→ ABOUT THIS EXERCISE:
Exact copy, no pictures: return all the data below as written.

→ INPUT DATA:
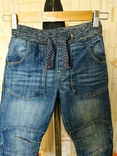 Штани дитячі джинсові F &amp; F на 7-8 років, numer zdjęcia 3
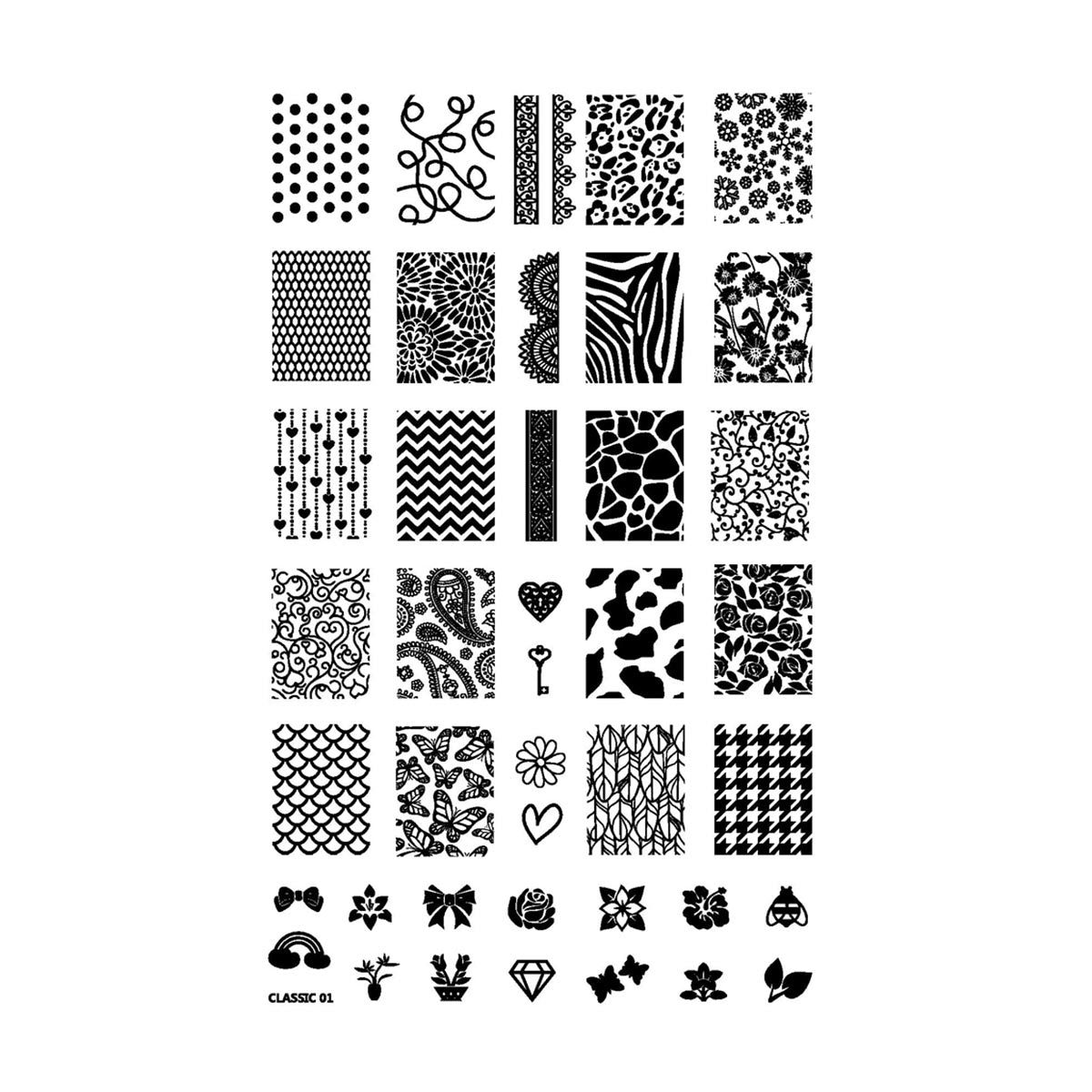 Nail Stamping Kit by Messy Mansion image 5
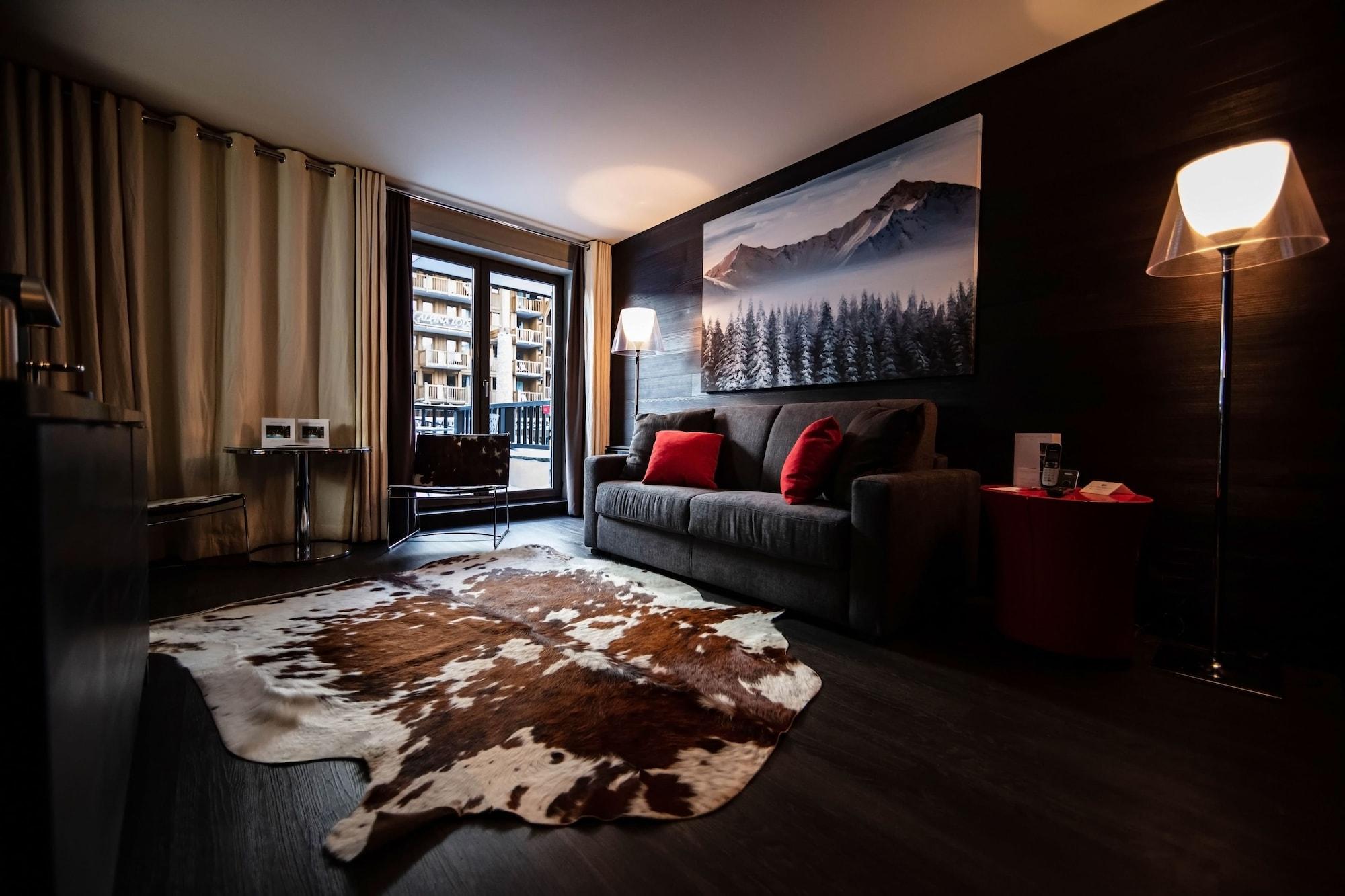Avenue Lodge Hotel & Spa Val-dʼIsère Exteriör bild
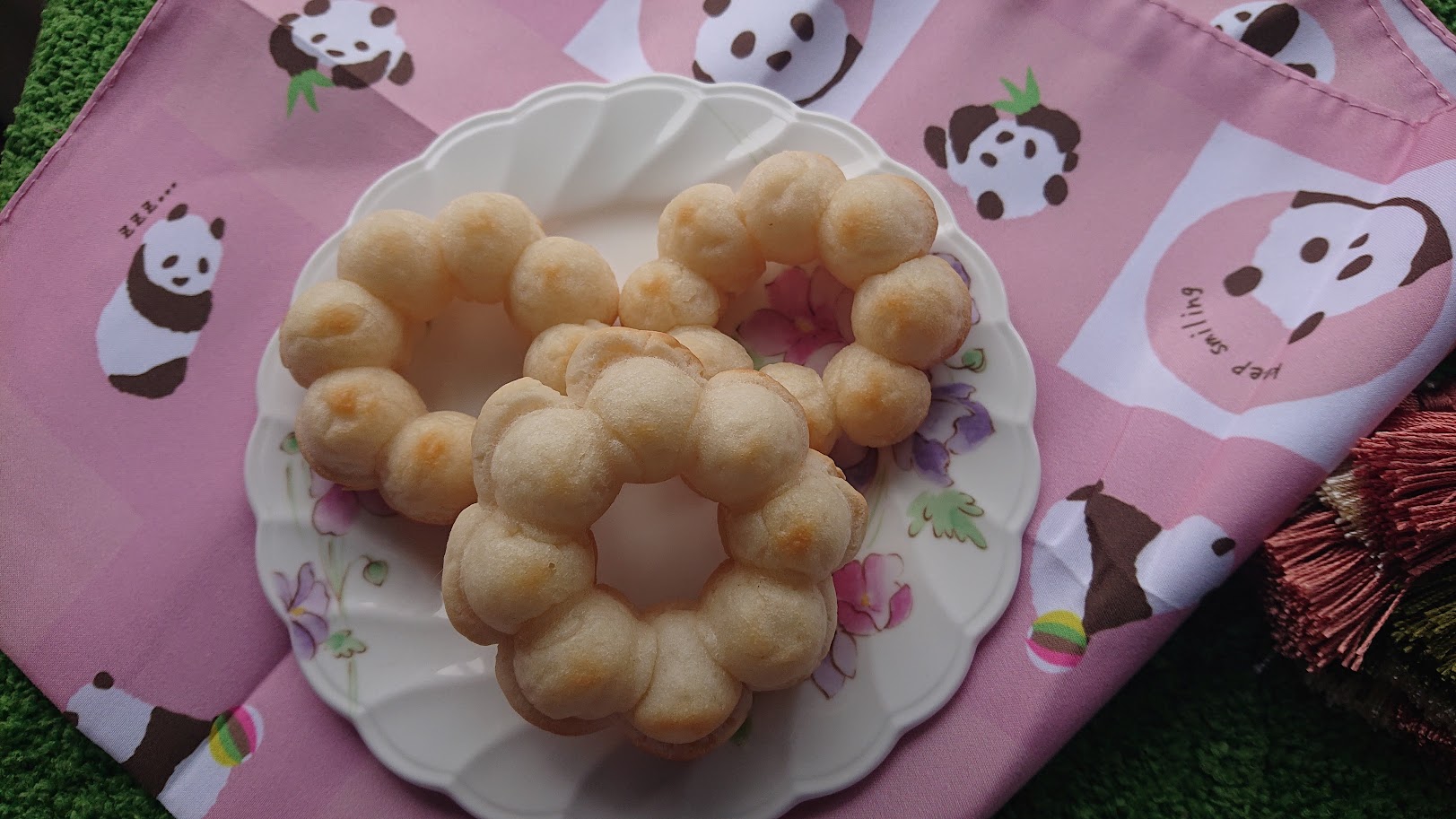 新商品のご案内🍞ご飯゜ダリング（ごパンダリング）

→ WRITTEN ANSWER:
 Штани дитячі джинсові F &amp; F на 7-8 років, numer zdjęcia 3
 Nail Stamping Kit by Messy Mansion image 5
Avenue Lodge Hotel & Spa Val-dʼIsère Exteriör bild
 新商品のご案内🍞ご飯゜ダリング（ごパンダリング）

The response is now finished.